Content starts
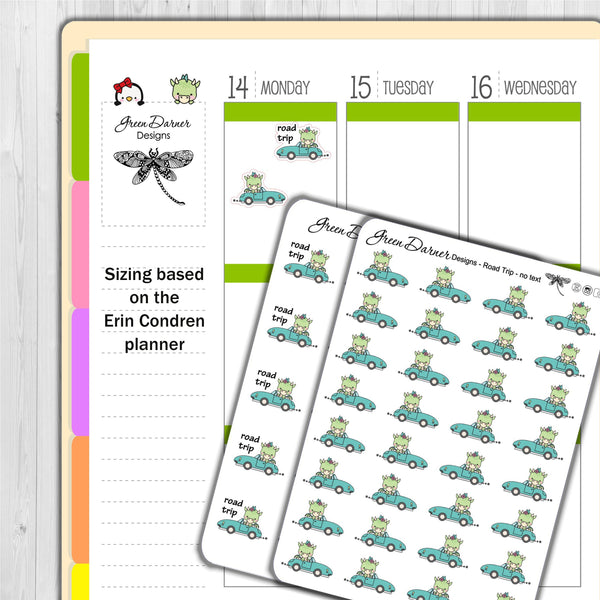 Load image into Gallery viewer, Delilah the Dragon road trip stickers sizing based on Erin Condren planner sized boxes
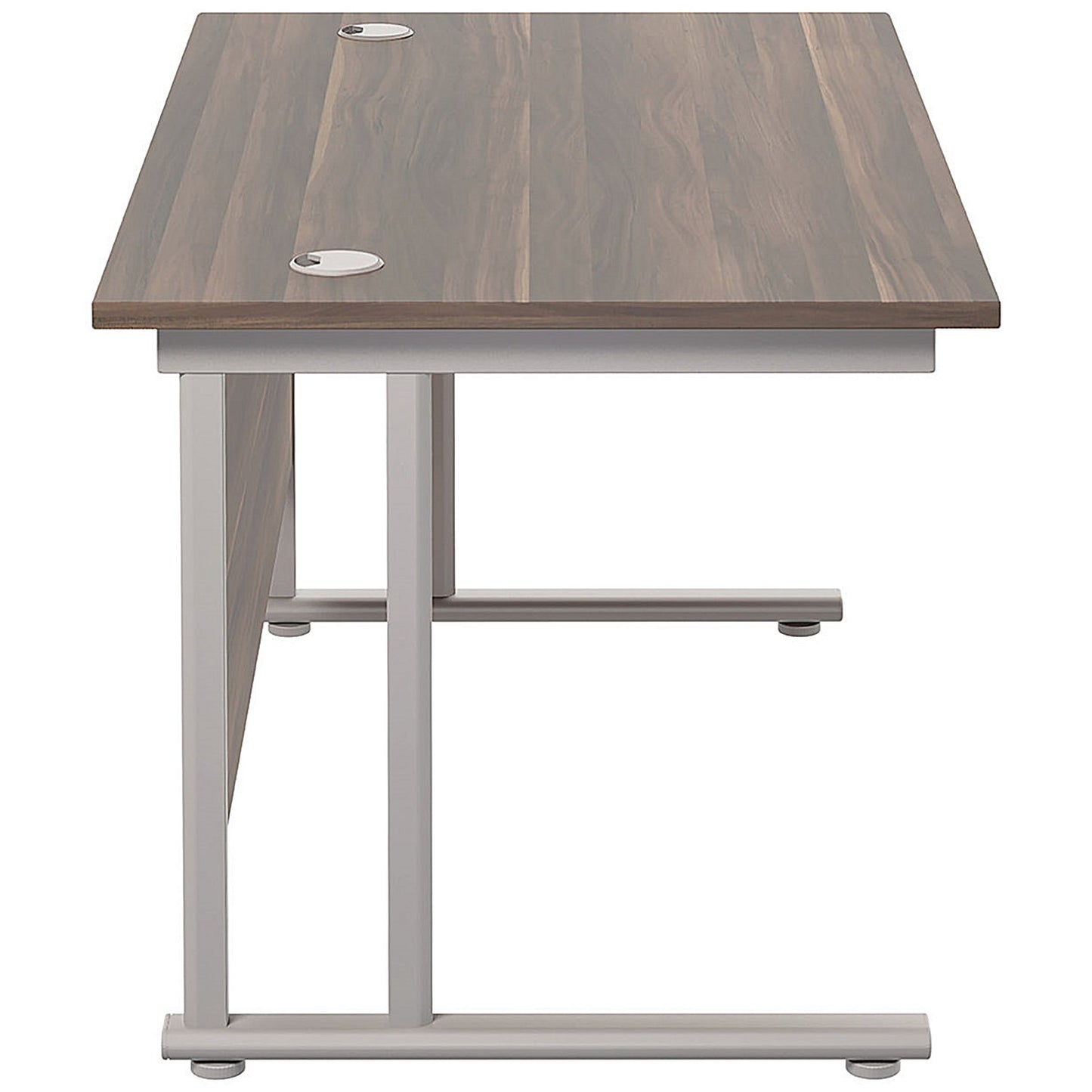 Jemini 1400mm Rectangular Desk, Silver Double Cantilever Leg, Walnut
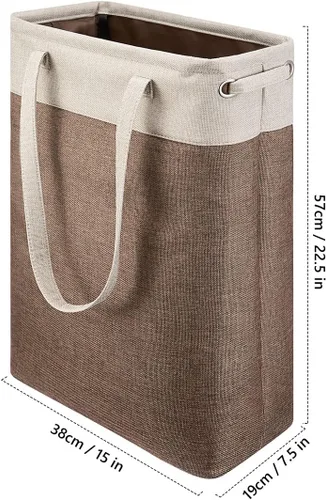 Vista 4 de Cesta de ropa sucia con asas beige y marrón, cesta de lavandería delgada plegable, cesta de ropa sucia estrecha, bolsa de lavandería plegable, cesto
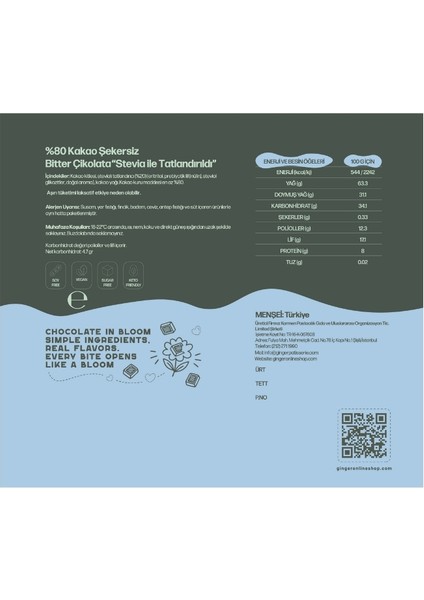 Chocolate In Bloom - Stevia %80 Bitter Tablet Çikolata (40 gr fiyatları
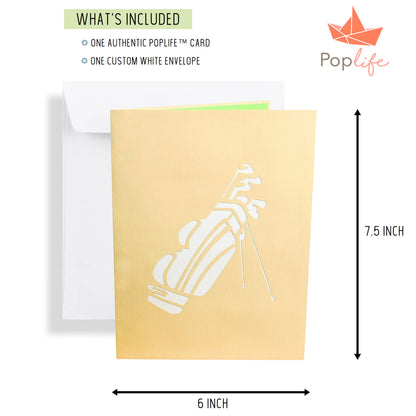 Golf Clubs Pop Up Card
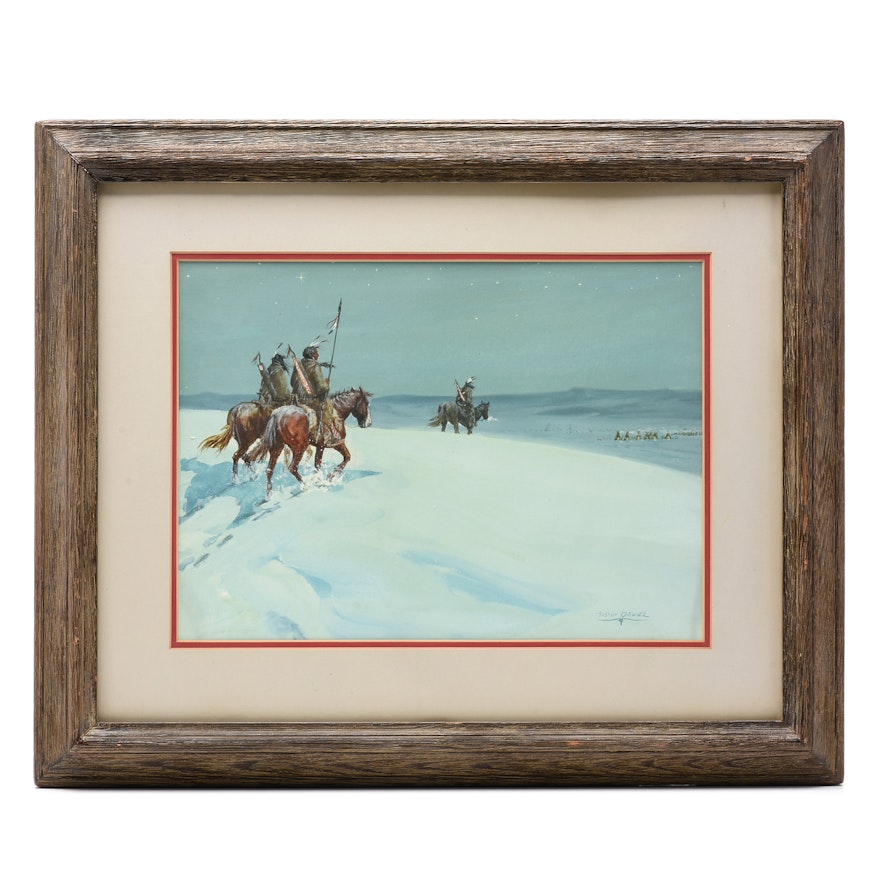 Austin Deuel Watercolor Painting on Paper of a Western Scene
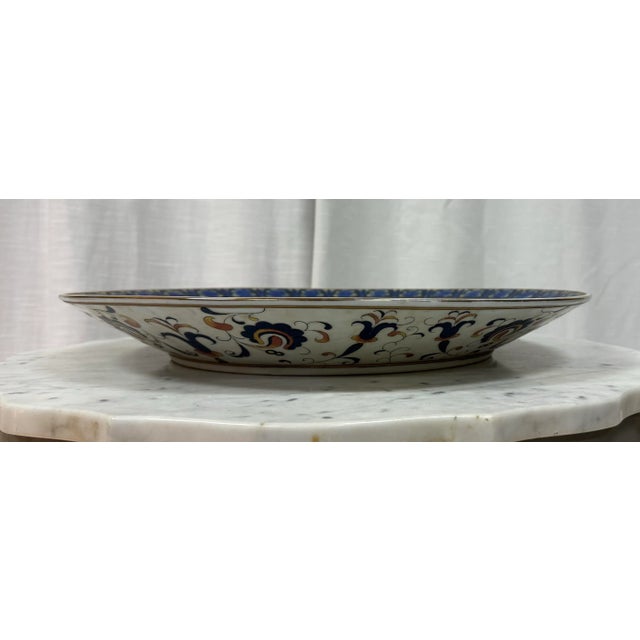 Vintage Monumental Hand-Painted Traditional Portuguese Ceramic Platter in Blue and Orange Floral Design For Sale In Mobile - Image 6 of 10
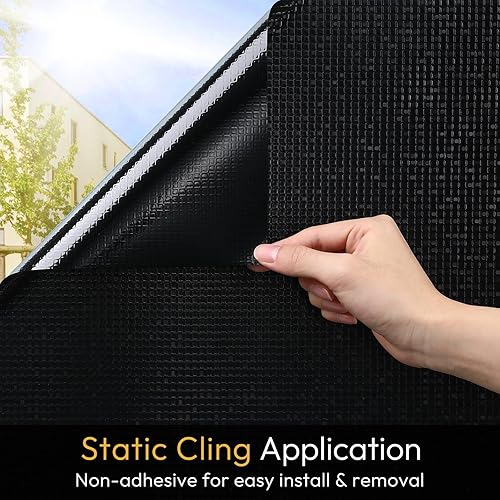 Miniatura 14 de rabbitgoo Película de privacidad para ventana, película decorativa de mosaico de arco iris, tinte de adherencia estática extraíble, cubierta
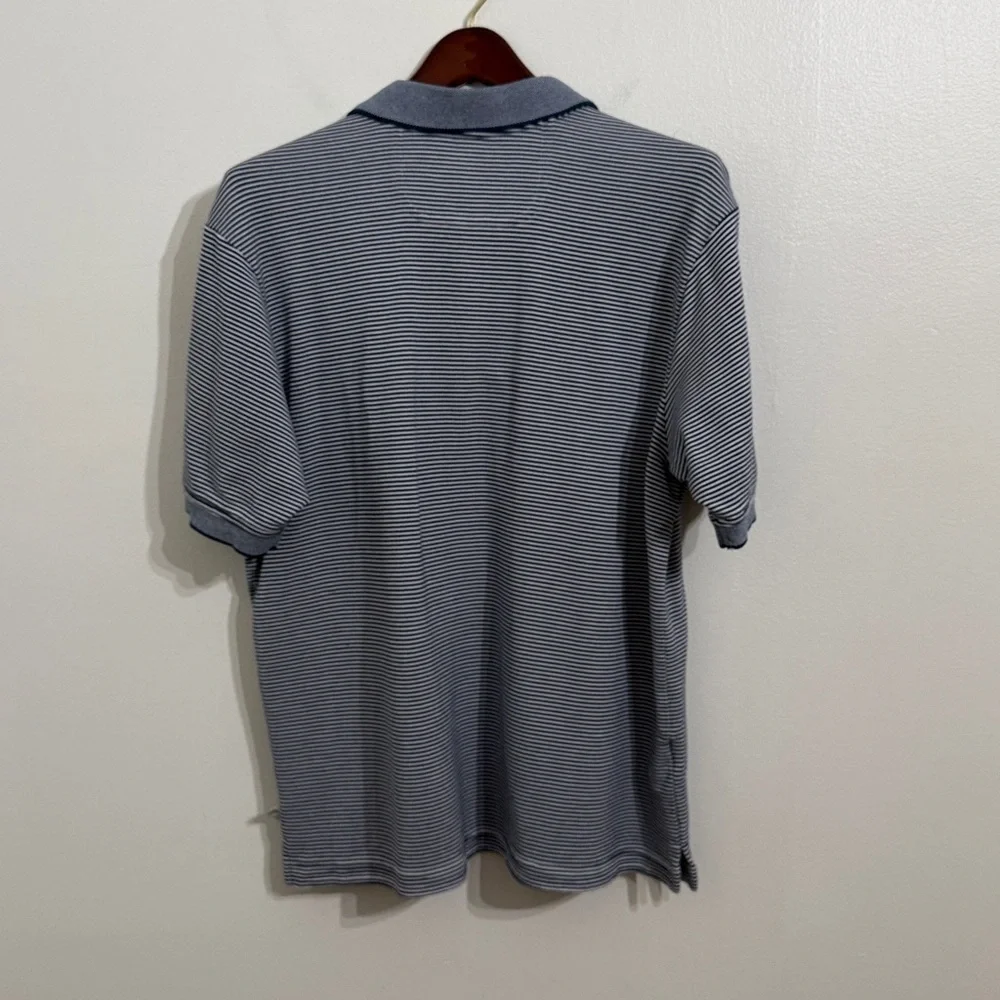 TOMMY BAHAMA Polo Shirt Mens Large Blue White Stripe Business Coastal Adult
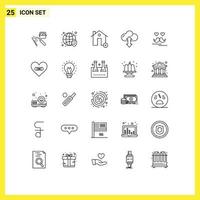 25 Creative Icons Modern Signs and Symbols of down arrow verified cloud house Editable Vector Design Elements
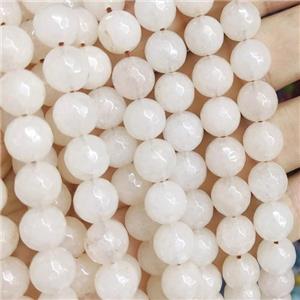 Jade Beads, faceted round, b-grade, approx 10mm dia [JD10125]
Content ends
Exercise directions:
Your copy should hold exactly and only the lines from the one containing "Golf Clubs Pop Up Card" through the end of the material, inclusive, repeated word for word and without pictures.

Task answer:
 Golf Clubs Pop Up Card
 Austin Deuel Watercolor Painting on Paper of a Western Scene
 Vintage Monumental Hand-Painted Traditional Portuguese Ceramic Platter in Blue and Orange Floral Design For Sale In Mobile - Image 6 of 10
 Miniatura 14 de rabbitgoo Película de privacidad para ventana, película decorativa de mosaico de arco iris, tinte de adherencia estática extraíble, cubierta
 TOMMY BAHAMA Polo Shirt Mens Large Blue White Stripe Business Coastal Adult
 25 Creative Icons Modern Signs and Symbols of down arrow verified cloud house Editable Vector Design Elements
 Jade Beads, faceted round, b-grade, approx 10mm dia [JD10125]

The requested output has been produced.